Ana Brnabić con Zoran Zaev - Wikimedia commons

Ana Brnabić con Zoran Zaev - Wikimedia commons

Ana Brnabić, già ministra dell'Amministrazione pubblica, è la nuova premier in-pectore della Serbia. La nomina della Brnabić - dichiaratamente gay - da parte del presidente Vučić ha sollevato però forti polemiche. Francesco Martino (OBCT) per il GR di Radio Capodistria [16 giugno 2017]

Potrebbe diventare la prima premier donna della storia serba, ma anche la prima persona dichiaratamente omosessuale a guidare il paese. Ana Brnabić, già ministra dell'Amministrazione pubblica e delle Autonomie locali, è stata nominata ieri dal neo-presidente serbo Aleksandar Vučić a succedergli nel ruolo di primo ministro.

La Brnabić dovrà ora formare la sua squadra di governo e presentarsi al parlamento di Belgrado per ottenere la fiducia della maggioranza, guidata dal Partito progressista serbo di Vučić.

Simbolicamente la nomina della Brnabić, esperta fuori dai partiti, donna ed omosessuale dichiarata, rappresenta un elemento di rottura nella politica e nella società serba, segnata ancora da forti pregiudizi nei confronti della comunità LGBT.

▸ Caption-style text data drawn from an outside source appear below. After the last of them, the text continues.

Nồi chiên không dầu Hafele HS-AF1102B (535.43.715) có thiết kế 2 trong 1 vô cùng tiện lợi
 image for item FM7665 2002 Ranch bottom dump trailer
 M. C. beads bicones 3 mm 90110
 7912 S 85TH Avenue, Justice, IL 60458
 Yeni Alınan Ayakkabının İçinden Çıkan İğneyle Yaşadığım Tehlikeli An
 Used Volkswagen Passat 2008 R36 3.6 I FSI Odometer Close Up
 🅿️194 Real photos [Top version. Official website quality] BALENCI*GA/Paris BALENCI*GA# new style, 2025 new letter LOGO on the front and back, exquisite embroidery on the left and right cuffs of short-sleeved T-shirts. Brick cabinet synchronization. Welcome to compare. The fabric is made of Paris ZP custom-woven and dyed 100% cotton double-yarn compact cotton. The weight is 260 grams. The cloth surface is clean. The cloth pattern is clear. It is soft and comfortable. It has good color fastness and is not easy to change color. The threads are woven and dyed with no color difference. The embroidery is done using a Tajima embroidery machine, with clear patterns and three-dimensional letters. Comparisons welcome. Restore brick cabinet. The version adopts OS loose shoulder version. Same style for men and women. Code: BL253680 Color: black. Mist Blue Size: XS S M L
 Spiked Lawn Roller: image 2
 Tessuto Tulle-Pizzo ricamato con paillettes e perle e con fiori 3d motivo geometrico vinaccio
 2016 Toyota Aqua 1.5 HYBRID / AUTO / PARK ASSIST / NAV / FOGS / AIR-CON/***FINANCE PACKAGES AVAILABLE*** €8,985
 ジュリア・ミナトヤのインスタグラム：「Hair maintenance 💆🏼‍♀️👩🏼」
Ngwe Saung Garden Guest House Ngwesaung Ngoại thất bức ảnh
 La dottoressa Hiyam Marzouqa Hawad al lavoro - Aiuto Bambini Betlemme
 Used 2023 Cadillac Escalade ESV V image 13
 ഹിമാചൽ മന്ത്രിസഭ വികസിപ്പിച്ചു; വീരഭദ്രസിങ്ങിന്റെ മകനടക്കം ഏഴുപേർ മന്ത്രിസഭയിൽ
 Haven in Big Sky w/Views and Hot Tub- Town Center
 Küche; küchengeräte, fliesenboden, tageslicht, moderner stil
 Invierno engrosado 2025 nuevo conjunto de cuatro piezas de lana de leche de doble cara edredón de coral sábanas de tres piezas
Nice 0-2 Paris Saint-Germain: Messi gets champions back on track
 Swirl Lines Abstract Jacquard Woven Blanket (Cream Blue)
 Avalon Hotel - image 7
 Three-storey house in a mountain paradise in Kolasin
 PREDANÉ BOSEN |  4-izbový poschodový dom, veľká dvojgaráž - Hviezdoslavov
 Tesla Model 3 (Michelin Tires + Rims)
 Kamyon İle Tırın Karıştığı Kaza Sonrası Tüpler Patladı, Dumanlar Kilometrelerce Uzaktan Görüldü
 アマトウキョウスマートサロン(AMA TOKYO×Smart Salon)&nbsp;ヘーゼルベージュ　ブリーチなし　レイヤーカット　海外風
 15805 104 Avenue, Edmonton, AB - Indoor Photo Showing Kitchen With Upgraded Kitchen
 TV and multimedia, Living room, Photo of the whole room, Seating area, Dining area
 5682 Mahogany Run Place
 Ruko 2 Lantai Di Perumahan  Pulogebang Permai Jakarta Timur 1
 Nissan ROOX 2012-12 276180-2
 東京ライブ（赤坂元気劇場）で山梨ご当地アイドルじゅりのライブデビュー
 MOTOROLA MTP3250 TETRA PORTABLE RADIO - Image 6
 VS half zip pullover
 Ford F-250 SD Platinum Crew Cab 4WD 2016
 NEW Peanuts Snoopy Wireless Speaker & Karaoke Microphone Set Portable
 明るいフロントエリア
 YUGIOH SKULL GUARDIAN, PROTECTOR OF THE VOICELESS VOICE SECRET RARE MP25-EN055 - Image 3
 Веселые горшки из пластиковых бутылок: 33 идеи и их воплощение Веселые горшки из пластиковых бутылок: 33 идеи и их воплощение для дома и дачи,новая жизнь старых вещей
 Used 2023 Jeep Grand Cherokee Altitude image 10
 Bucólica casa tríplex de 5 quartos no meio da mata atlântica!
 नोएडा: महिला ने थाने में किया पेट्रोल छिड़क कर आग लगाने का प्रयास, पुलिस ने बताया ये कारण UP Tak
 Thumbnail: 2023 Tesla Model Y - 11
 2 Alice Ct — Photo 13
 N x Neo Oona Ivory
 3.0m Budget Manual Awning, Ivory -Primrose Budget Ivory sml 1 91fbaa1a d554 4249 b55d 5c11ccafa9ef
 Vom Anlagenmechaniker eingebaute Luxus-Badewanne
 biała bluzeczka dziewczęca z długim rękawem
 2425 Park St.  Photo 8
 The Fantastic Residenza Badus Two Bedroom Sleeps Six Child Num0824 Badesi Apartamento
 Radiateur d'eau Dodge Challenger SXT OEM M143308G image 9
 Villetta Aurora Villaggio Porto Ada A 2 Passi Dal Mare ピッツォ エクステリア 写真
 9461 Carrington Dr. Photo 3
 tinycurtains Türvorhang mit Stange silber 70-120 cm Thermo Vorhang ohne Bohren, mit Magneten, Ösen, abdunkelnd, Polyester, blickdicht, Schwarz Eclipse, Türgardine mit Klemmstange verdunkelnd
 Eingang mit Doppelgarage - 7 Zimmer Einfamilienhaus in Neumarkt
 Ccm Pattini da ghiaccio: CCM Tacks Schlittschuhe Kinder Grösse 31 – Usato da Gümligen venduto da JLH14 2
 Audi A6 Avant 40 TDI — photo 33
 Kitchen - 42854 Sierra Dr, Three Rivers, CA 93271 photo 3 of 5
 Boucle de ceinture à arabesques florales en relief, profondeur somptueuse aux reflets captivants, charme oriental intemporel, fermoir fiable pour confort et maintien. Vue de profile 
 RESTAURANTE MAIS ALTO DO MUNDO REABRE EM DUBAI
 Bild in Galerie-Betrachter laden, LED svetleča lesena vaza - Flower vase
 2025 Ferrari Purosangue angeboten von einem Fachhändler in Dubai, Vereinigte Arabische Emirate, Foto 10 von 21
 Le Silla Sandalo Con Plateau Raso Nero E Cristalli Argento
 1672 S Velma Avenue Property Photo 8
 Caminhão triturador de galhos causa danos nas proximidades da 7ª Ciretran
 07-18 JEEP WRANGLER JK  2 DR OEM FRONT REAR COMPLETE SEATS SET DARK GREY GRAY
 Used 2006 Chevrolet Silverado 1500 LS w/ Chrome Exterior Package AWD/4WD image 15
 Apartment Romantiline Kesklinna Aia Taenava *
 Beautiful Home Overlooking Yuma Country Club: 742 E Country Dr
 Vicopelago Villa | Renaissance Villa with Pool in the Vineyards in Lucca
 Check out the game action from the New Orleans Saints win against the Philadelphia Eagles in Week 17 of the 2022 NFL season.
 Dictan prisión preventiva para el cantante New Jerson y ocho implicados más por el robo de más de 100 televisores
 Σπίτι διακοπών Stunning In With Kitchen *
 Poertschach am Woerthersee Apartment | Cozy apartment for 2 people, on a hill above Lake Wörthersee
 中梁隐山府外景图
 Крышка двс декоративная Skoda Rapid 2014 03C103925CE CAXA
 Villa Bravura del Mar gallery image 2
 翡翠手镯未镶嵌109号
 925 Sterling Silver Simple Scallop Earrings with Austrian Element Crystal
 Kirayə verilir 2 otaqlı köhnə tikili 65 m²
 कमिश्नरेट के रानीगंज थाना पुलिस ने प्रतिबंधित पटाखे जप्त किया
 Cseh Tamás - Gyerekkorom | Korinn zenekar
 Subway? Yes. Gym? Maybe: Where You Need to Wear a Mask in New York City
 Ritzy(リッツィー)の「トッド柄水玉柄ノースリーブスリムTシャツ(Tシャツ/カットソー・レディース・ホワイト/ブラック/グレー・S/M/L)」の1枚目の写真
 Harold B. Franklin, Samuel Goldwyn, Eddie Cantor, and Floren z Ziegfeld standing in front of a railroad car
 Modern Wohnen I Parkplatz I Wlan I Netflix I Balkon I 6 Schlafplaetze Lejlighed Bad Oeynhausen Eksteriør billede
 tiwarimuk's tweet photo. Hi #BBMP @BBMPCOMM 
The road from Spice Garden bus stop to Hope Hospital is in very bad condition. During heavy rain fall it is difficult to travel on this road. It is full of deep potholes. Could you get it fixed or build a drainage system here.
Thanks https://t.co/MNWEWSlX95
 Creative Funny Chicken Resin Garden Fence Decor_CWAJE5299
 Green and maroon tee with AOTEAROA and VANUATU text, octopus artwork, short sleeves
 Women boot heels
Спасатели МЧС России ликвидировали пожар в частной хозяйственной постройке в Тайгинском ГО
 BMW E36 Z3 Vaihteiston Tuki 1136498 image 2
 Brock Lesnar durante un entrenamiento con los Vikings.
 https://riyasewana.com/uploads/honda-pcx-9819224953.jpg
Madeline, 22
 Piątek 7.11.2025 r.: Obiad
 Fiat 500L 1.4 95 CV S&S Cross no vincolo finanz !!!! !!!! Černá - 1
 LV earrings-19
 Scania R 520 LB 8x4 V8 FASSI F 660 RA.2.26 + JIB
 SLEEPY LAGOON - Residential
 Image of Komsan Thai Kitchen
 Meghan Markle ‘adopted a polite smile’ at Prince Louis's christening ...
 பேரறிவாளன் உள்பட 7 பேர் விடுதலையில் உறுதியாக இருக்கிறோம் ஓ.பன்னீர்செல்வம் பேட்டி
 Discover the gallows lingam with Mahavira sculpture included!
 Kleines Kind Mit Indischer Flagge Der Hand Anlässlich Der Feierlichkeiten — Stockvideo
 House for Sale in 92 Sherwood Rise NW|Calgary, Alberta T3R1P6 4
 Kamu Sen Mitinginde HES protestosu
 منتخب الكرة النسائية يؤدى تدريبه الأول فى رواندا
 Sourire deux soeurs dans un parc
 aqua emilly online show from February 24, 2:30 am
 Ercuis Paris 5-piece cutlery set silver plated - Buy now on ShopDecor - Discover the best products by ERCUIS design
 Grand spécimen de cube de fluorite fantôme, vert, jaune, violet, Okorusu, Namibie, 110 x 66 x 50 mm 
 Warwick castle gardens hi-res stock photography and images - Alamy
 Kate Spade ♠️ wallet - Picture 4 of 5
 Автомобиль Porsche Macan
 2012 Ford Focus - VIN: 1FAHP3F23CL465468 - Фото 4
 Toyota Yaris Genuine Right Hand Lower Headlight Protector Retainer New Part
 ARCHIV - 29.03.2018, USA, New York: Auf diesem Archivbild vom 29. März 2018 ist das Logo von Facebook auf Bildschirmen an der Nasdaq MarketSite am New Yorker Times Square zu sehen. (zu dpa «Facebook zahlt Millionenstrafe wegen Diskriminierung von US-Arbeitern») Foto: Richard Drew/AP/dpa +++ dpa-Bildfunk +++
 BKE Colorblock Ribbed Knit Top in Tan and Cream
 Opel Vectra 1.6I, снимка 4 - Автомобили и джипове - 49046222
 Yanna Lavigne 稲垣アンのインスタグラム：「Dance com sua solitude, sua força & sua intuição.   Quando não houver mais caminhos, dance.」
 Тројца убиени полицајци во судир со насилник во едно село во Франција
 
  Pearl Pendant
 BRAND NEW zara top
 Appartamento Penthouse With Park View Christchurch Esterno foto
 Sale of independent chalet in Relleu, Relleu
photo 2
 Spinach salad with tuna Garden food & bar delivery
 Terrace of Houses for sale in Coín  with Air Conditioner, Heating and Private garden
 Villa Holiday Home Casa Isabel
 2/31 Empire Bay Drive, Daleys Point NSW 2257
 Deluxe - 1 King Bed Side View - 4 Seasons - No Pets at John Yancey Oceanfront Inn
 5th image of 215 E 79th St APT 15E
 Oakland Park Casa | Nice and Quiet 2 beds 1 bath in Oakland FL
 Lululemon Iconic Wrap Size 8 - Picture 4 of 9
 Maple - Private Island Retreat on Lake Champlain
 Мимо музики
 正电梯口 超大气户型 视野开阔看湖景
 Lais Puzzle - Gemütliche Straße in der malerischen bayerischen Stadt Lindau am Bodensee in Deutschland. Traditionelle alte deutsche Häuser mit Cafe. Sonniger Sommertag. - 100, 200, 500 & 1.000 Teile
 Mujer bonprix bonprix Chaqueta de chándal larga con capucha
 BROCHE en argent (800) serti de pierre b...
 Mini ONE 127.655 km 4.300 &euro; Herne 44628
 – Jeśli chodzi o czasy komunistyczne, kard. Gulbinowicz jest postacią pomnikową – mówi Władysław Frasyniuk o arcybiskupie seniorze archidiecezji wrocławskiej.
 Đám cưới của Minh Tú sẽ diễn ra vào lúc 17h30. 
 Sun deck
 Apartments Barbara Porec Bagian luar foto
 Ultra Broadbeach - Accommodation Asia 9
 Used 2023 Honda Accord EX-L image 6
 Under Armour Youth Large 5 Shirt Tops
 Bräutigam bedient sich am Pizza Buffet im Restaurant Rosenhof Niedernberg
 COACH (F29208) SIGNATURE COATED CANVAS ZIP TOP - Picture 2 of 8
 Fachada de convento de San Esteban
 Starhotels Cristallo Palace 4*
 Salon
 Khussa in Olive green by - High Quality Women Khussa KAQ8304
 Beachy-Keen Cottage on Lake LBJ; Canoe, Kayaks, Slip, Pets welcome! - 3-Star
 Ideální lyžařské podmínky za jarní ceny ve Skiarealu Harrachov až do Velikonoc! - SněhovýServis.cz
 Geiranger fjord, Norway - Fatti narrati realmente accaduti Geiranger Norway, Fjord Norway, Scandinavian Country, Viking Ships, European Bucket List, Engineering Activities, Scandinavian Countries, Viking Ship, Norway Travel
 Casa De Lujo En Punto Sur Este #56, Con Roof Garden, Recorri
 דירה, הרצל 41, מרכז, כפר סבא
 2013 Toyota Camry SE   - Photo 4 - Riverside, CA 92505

La scelta del presidente – criticata apertamente dalla Chiesa ortodossa serba - ha però provocato forti polemiche anche nei corridoi della politica belgradese. Pesanti malumori sono emersi dai settori più conservatori del Partito progressista, che accusano la Brnabić di essere la “candidata di Washington”: in passato, la Brnabić ha infatti lavorato per varie Ong ed imprese a capitale americano.

Parte dei deputati progressisti potrebbe quindi votare contro la Brnabić, come già annunciato dal leader di “Serbia Unita” Dragan Marković – Palma, alleato di Vučić e parte della coalizione di governo.

Critica anche l'opposizione liberale, che vede nella nomina della Brnabić - esperta senza un proprio capitale politico – un'astuta mossa di marketing, con cui Vučić intende continuare a dominare incontrastato la scena politica serba, smarcandosi però al tempo stesso di fronte agli interlocutori internazionali, soprattutto nell'UE, dalle crescenti accuse di autoritarismo, controllo dei media e limitazione dei diritti civili.